- Der frühere Mt.Gox Chef Mark Karpelès will eine Bitcoin-Hard-Fork, um rund 80.000 der zwischen 2011 und 2014 gestohlenen BTC wiederzubeschaffen. Für die Community ist das ein rotes Tuch.
- Karpelès beginnt damit eine neue Debatte über den Mt.Gox-Hack und den diesbezüglichen Schadensersatz. Doch jetzt wird erstmals konkret die Unveränderlichkeit der Bitcoin-Spezifikation infrage gstellt.

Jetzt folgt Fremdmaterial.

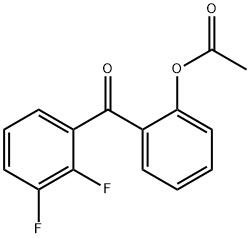 2-ACETOXY-2',3'-DIFLUOROBENZOPHENONE Structural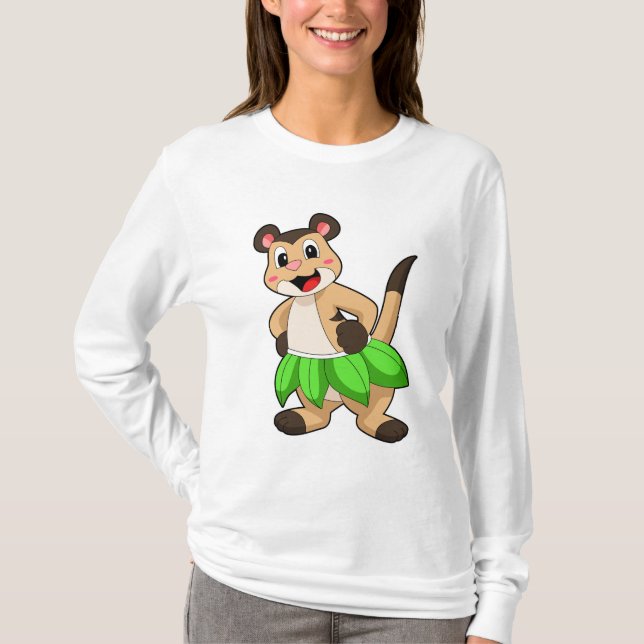 Meerkat at Ballet Dance T-Shirt (Front)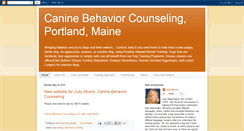 Desktop Screenshot of caninebehaviorcounseling.blogspot.com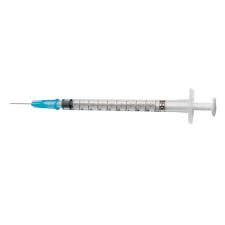 Standard Tuberculin Syringe with Needle PrecisionGlide 1 mL ...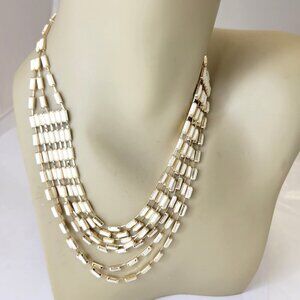 Multistrand Layered Necklace in Cream Hues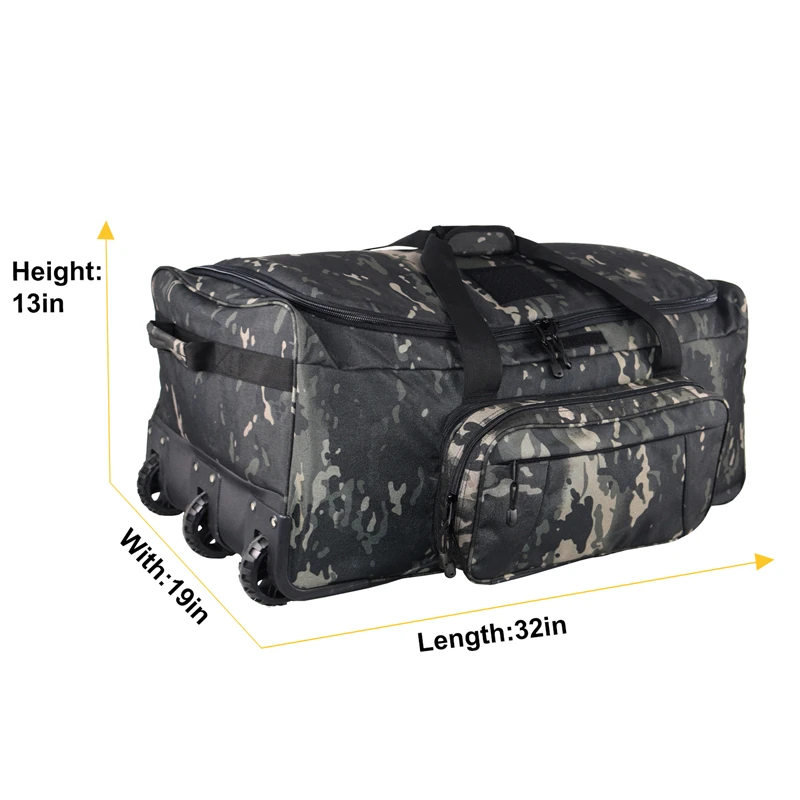  Travel Bags Luggage Large Capacity Wholesale Customized Good Quality Durable Trolly Tactical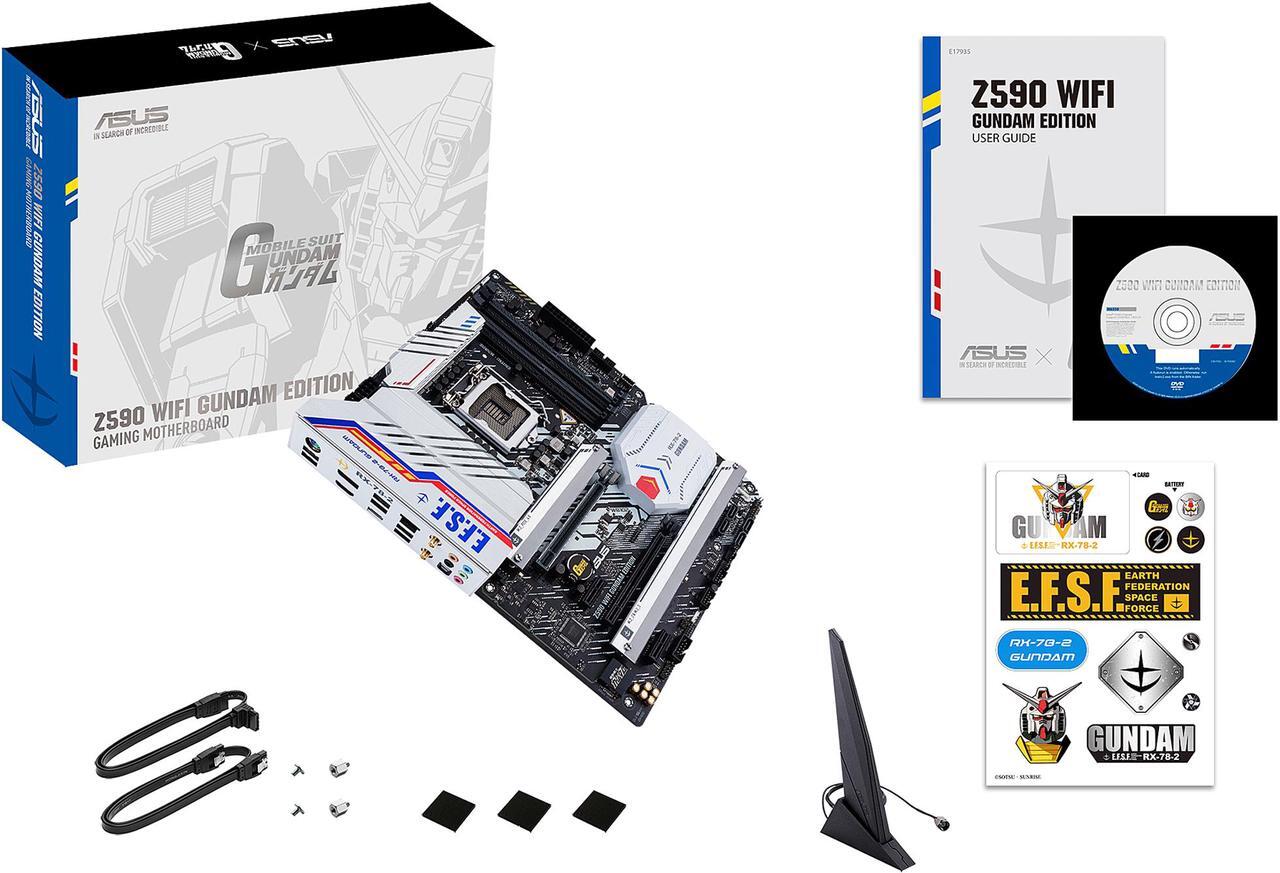 Alt view image 7 of 9 - ASUS Z590 WIFI GUNDAM EDITION LGA 1200 Intel Z590 ATX Intel Motherboard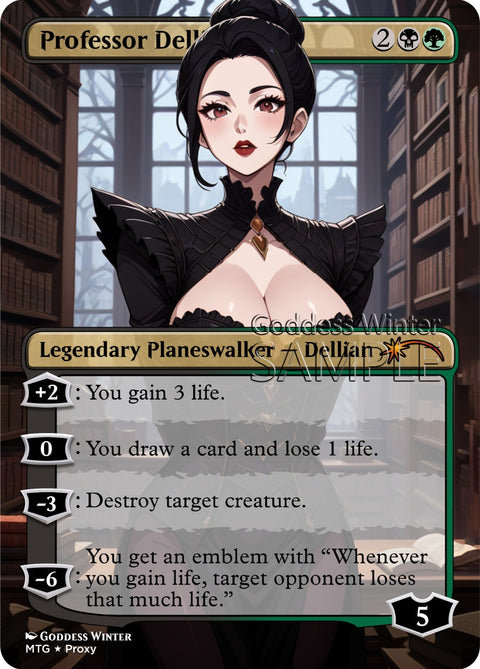 MTG - Professor Dellian Fel - Fanart Borderless Style - EDH / Playtest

Mt.Gox war bis 2014 die dominierende Bitcoin‑Börse und wickelte zeitweise den Großteil des weltweiten Bitcoin-Umsatzes ab. Zwischen 2011 und 2014 „verlor“ sie rund 850.000 BTC durch Sicherheitslücken und unentdeckte Abflüsse.
Knapp 80.000 BTC befinden sich bis heute in einer Wallet, die seit dem Hack nicht mehr angerührt wurde.
Die Bitcoins sind eindeutig identifizierbar, aber ohne Zugriffsschlüssel praktisch verloren. Das Insolvenzverfahren läuft seit über einem Jahrzehnt, und viele Gläubiger erhielten bisher nur einen Bruchteil ihres Schadens ersetzt.
Vor diesem Hintergrund bringt Karpelès die Bitcoin-Hard-Fork ins Spiel – für die Bitcoin-Community ein klarer Verstoß gegen ihr elftes Gebot: „Du sollst nicht begehren die Änderung des heiligen Bitcoin-Prinzips.“
Hard‑Fork wegen Ausnahmesituation
Gleichwohl hat Karpelès einen Patch für den Bitcoin-Core veröffentlicht, der eine neue Konsensregel einführen würde. Es würde ausnahmsweise eine spezifische Transaktion geben, die die 79.956 BTC ohne privaten Schlüssel an eine vom Insolvenzverwalter kontrollierte Adresse überträgt.
Technisch gesehen wäre das eine klassische Hard Fork: Nur Nodes, die die Ausnahmeregel akzeptieren, würden die Wiederherstellung als gültig betrachten. Die bestehende Bitcoin‑Chain würde die Transaktion ignorieren.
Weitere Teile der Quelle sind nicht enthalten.